In base a quanto abbiamo visto nell’esempio del Dizionario, la TdL non ha mai nominato la donna e a chi non è nominato restano due possibilità: o semplicemente non esistere o venire repressi. Non nominare significa non riconoscere, non riconoscere significa non prendere coscienza dell’esistenza di chi è messo a tacere e, partendo da qui, si segue un cammino di disconoscimento e di radicale incomprensione. Per almeno tre decenni il discorso teologico latinoamericano non ha neppure utilizzato un linguaggio inclusivo, nel momento in cui organismi internazionali come le Nazioni Unite, l’Unesco e varie piattaforme educative avanzavano su questo terreno.

Alcuni dei limiti della Teologia della Liberazione, per esempio la sua scarsa comprensione delle diverse soggettività, hanno a che vedere precisamente con il fatto di aver disconosciuto il cammino femminile al sapere, allo studio e alla conoscenza. La sua matrice teologica non ha assunto uno sguardo femminile che consentisse la comprensione per altre vie.
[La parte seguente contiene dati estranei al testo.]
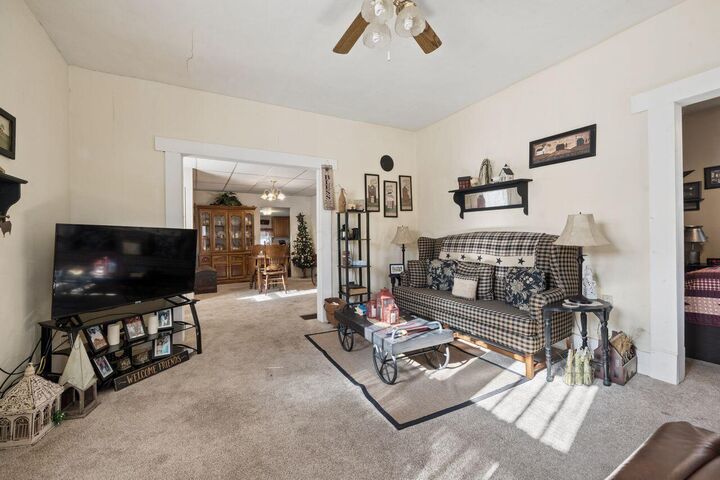 Property Photo:  199 N Market Street  OH 43143 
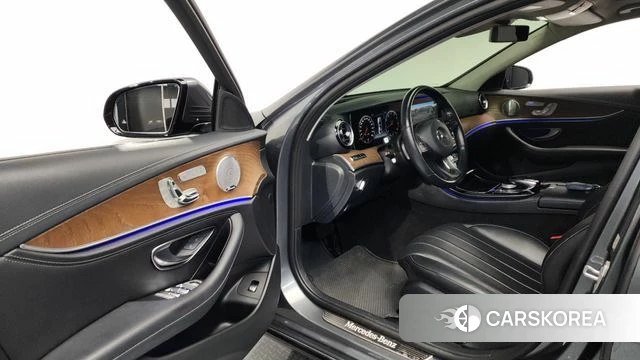 Mercedes-Benz E-Class W213 id 4605396 из Кореи 36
La Teologia femminista ha implicato e presupposto un salto qualitativo rispetto a teologie anteriori tanto nei punti di partenza epistemologici quanto nel pensare ed elaborare gli immaginari, assumendo pertanto il linguaggio come uno dei suoi campi di battaglia. Perché non si tratta di rimescolare alcune cose in maniera che tutto resti uguale, ma di trasmettere alle donne credenti strumenti per la costruzione della loro identità nel senso di una radicale autoaffermazione. Sostiene Dorothee Sölle: «Nella teologia femminista non si tratta di cambiare pronomi, ma di concepire una diversa forma di trascendenza che non debba intendersi come indipendenza da tutto e dominio su tutte le cose, ma che sia legata al tessuto della vita… È necessario un avvicinamento alla mistica, che è quella che più ampiamente ha superato la comprensione gerarchica e maschile di Dio, una mistica, cioè, che non permetta alla sete di liberazione reale di perdersi nel mare dell’incosciente» (Sölle 1996).
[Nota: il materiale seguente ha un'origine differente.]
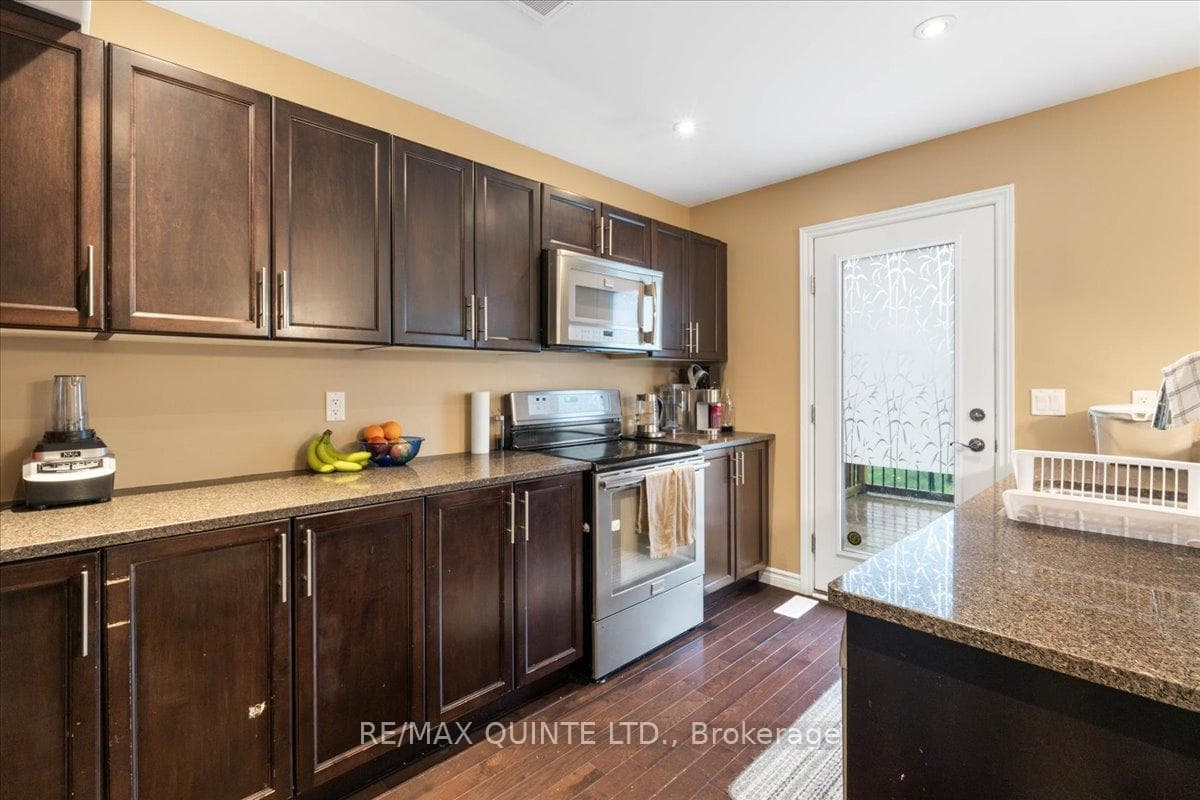 54 Princeton Place photo 3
Un lavoro interessante in questo senso è quello realizzato dalla teologa nordamericana Sallie McFague. Il punto di partenza di questa autrice è la certezza che vi sia uno strappo nel linguaggio su Dio e che sia necessario realizzare rotture che portino a una connessione più reale con le donne e gli uomini del XXI secolo, in quanto il riferimento al mistero trascendente non solo non suscita interesse, ma ha anche perso plausibilità nel mondo attuale. È diventata allora una sfida realizzare approcci nuovi e più coinvolgenti. Da qui la sua volontà di rischiare in tal senso: «È diventato sempre più dolorosamente evidente per molti occidentali – tanto per chi è all’interno della tradizione giudaico-cristiana quanto per chi ne è fuori, ma condizionato dalla sua iconografia, dai suoi valori e dai suoi concetti – che il linguaggio utilizzato per esprimere la relazione tra Dio e il mondo richiede una revisione. A mio giudizio, tale revisione deve iniziare sul piano dell’immaginario, in un esperimento mentale con quelle metafore – e i corrispondenti concetti – che, a differenza di quelle utilizzate principalmente dalla tradizione, propongano un quadro unificato e interdipendente per la comprensione delle relazioni Dio-mondo ed essere umano-mondo». (McFague 1994).

La sua visione mira a recuperare un discorso teologico di tipo metaforico e apofatico.

Per questa via, la teologia femminista può reincontrarsi con il linguaggio su Dio elaborato da donne medievali e da mistiche di diverse epoche, condotte dalla loro coscienza spirituale a vivere l’esperienza di Dio come mistero e pertanto a utilizzare in riferimento alla trascendenza esclusivamente metafore e visioni.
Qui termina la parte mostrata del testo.